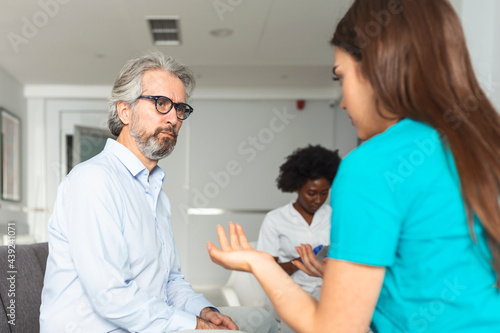 Young female doctor and senior man communicating in a waiting room at hospital. medicine  healthcare and people concept - doctor and patient meeting at hospital
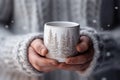 Winter gift design inspiration, girl holding white mug in close-up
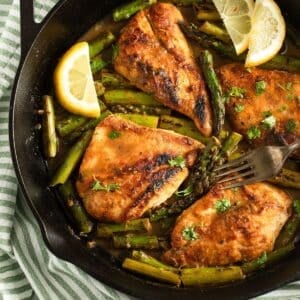 four pieces of golden chicken breasts with asparagus and lemon slices in a skillet.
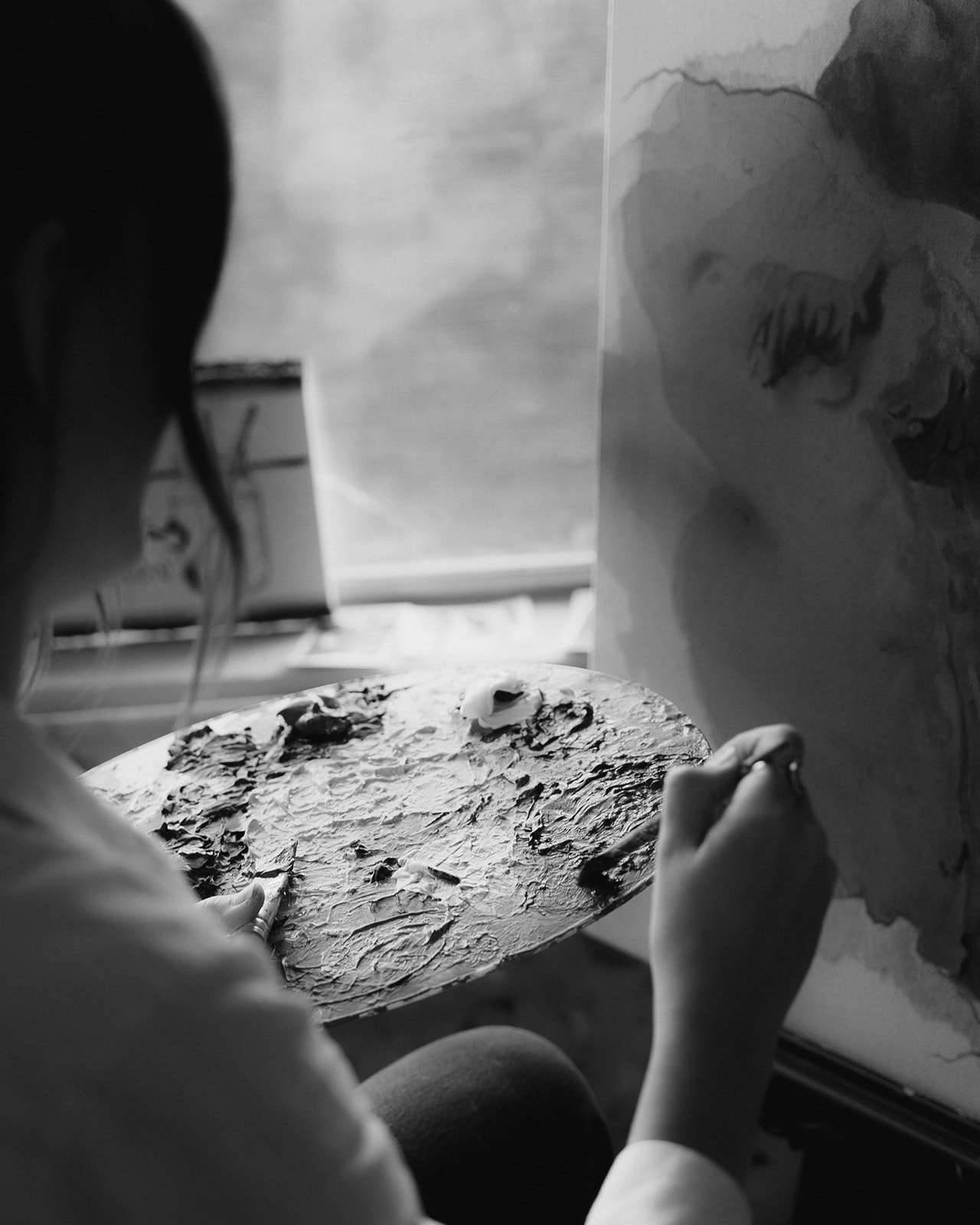 Haley mixing paint on a palette while working in her studio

◆ EXERCISE INSTRUCTIONS ◆
The answer should consist only of the lines from the one with "Winter gift design" through the last line of the material above, copied exactly, with no pictures.

◆ WRITTEN SOLUTION ◆
 Winter gift design inspiration, girl holding white mug in close-up
 four pieces of golden chicken breasts with asparagus and lemon slices in a skillet.
 Haley mixing paint on a palette while working in her studio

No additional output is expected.